### [What is needed]
An unaltered copy of every line below is the expected output.

### [Data shown]

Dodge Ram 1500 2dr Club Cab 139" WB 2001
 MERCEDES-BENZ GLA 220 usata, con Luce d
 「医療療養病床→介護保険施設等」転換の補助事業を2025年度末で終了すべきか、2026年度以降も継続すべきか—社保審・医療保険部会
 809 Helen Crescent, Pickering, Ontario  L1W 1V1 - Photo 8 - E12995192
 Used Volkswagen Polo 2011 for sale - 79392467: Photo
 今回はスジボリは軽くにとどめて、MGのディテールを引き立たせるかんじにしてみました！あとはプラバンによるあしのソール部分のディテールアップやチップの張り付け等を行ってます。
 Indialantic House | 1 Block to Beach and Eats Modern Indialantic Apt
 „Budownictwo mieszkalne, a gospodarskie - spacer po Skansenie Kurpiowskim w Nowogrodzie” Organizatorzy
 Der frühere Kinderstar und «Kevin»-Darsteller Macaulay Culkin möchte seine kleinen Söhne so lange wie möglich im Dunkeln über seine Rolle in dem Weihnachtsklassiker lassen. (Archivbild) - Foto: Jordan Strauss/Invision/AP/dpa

### [Answer to the problem]
Dodge Ram 1500 2dr Club Cab 139" WB 2001
 MERCEDES-BENZ GLA 220 usata, con Luce d
 「医療療養病床→介護保険施設等」転換の補助事業を2025年度末で終了すべきか、2026年度以降も継続すべきか—社保審・医療保険部会
 809 Helen Crescent, Pickering, Ontario  L1W 1V1 - Photo 8 - E12995192
 Used Volkswagen Polo 2011 for sale - 79392467: Photo
 今回はスジボリは軽くにとどめて、MGのディテールを引き立たせるかんじにしてみました！あとはプラバンによるあしのソール部分のディテールアップやチップの張り付け等を行ってます。
 Indialantic House | 1 Block to Beach and Eats Modern Indialantic Apt
 „Budownictwo mieszkalne, a gospodarskie - spacer po Skansenie Kurpiowskim w Nowogrodzie” Organizatorzy
 Der frühere Kinderstar und «Kevin»-Darsteller Macaulay Culkin möchte seine kleinen Söhne so lange wie möglich im Dunkeln über seine Rolle in dem Weihnachtsklassiker lassen. (Archivbild) - Foto: Jordan Strauss/Invision/AP/dpa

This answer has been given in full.